Manufacturing integrated circuits is an enormously complicated task, as
there are many process variables that can be manipulated (thickness of this,
width of that, doping level of something else, etc). Generally speaking, many
copies of a circuit are put onto a single wafer, which is made all at once. We
have an experiment where we are varying two factors, each at two levels.
We have 20 wafers and assign each of the four factor/level combinations to
five wafers at random and make the wafer. We then choose three circuits at
random on each wafer and measure the performance of the circuit.

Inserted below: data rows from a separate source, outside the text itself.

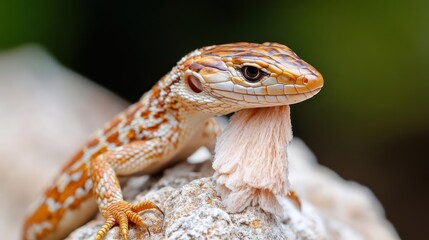 Poster - Close up shot of an orange and white striped lizard resting on a rock. The lizard is in focus with a blurred green and black background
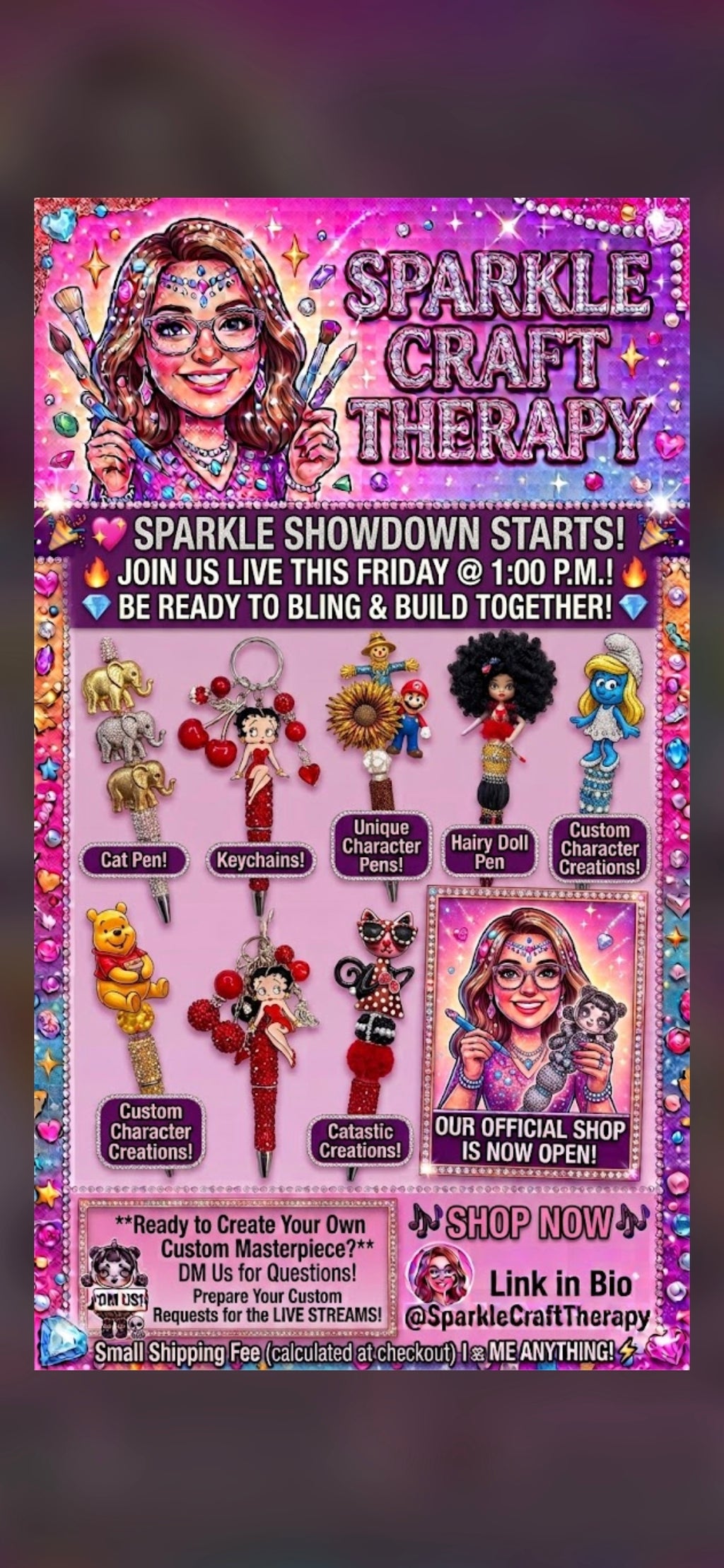 Created by hand Pens, key charms and more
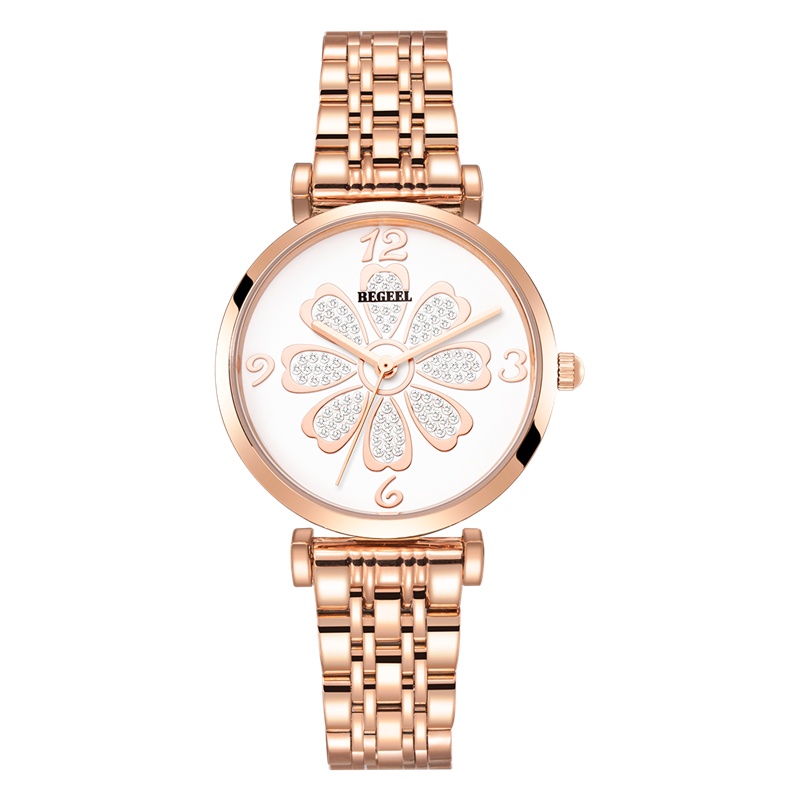 宾爵（BEGEEL）手表花漾时光时尚百搭石英玫瑰金钢带正品女士腕表B9130L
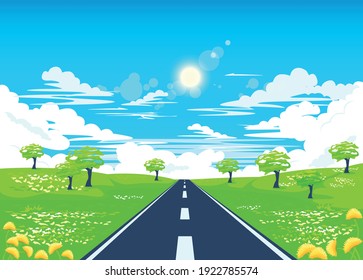 Vector illustration of a road against the background of a blooming meadow, trees and flowers. Summer or spring landscape with a country road.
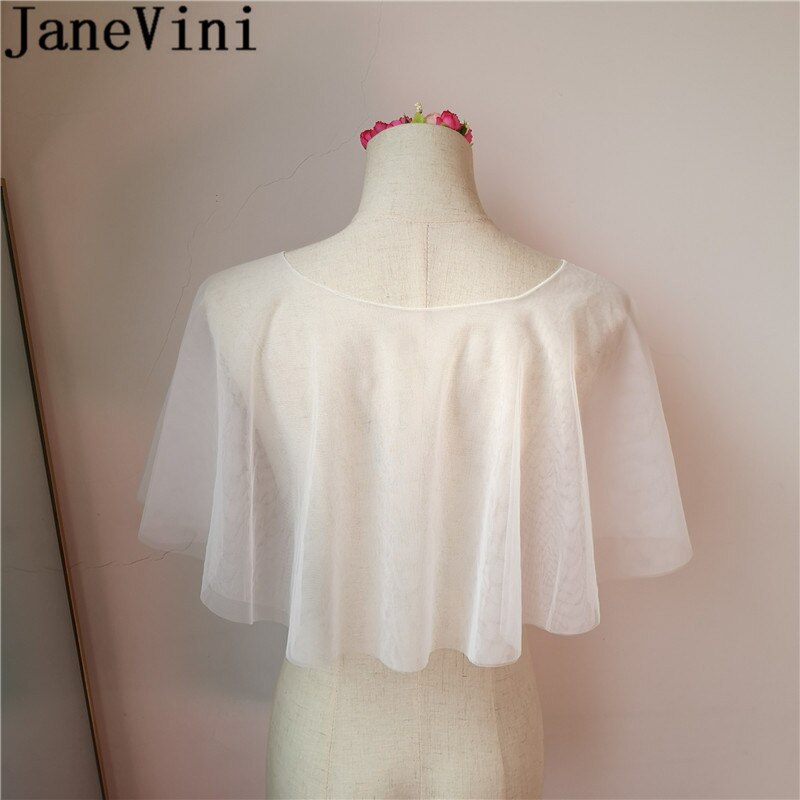 JaneVini Bruids Jas Simple Wedding Cape Brides Bolero Wit Sheer Soft Tule Bridal Schouder Wraps Shrug Mariage Avond Shawl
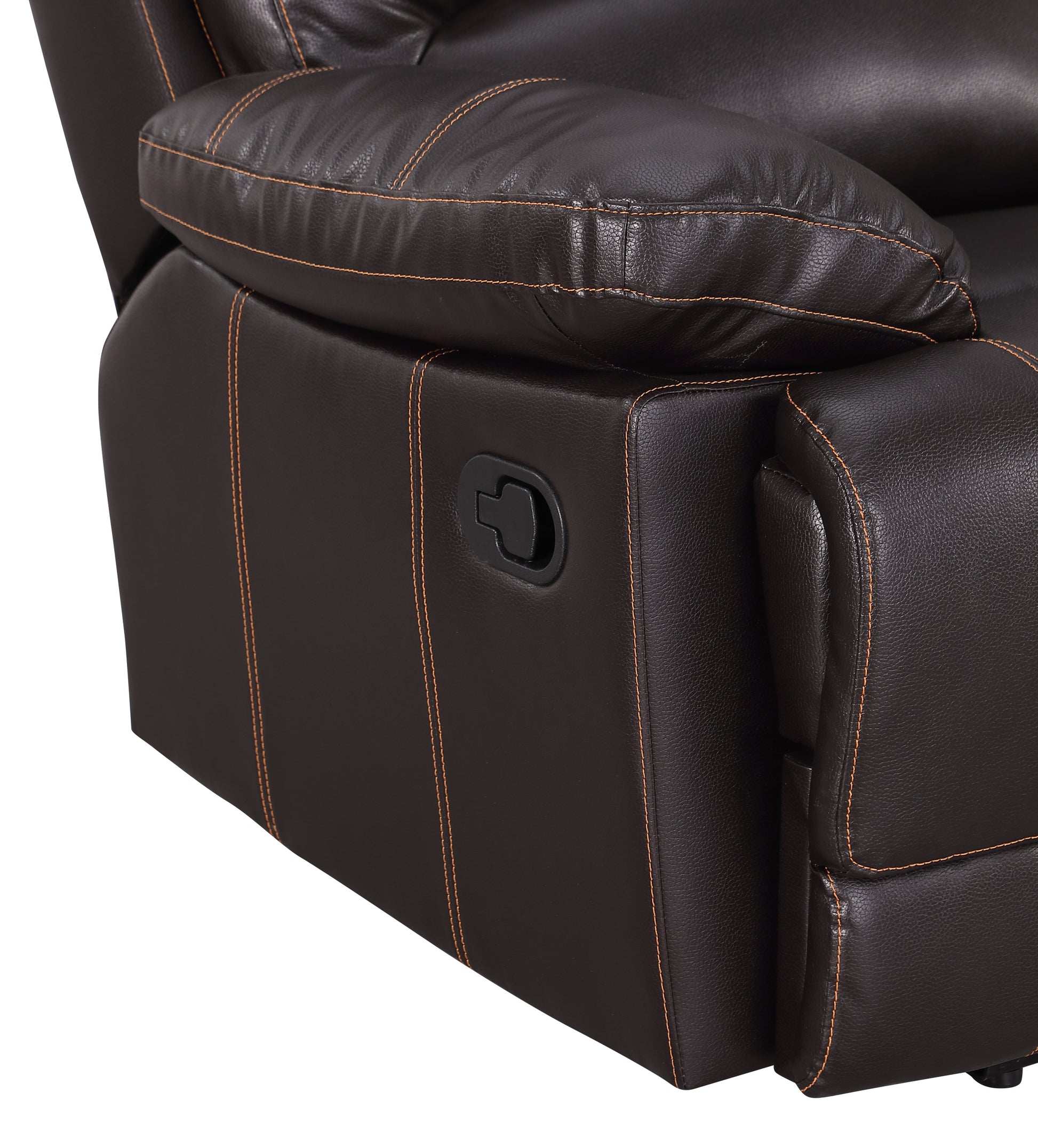 Leather Air Recliining Sofa Brown Foam Leather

Construct
a skeleton ANOVA table (that is, just the sources and degrees of freedom).

Answer 1

Soln

	Factor 2
Factor 1	Level 1	Level 2
Level 1	1	1
	2	2
	3	3
	4	4
	5	5
Level 2	1	1
	2	2
	3	3
	4	4
	5	5

Null and Alternative Hypothesis:

We will have three hypotheses:

Factor 1

H₀: µ_{Level 1} = µ _{Level 2}

H₁: Not all Means are equal

Factor 2

H₀: µ_{Level 1} = µ _{Level 2}

H₁: Not all Means are equal

H₀: An interaction is absent

H₁: Interaction is present

Alpha = 0.05

Degress of Freedom:

Df_{Factor 1}(A) = a-1 = 2-1 = 1

Df_{Factor 2} (B) = b-1 = 2-1 = 1

df _{Factor 1 * Factor 2} (A*B) = (a-1) * (b-1) = 1*1 = 1

df _error = N – ab = 20 – 2*2 = 16

df _total= N – 1 = 20 – 1 = 19

Critical Values:

Factor 1 (df_{Factor 1}(A), df _error): (1,16) = 4.49

Factor 2 (df_{Factor 2} (B),df _error): (1,16) = 4.49

Interaction (df _{Factor 1 * Factor 2} (A*B), df _error) : (1,16) = 4.49

[Factor 1] If F is greater than 4.49, reject the null hypothesis

[Factor 2] If F is greater than 4.49, reject the null hypothesis

[Interaction] If F is greater than 4.49, reject the null hypothesis

ANOVA Table Format

	SS	Df	MS	F
Factor 1		1
Factor 2		1
Interaction		1
Error		16
Total		19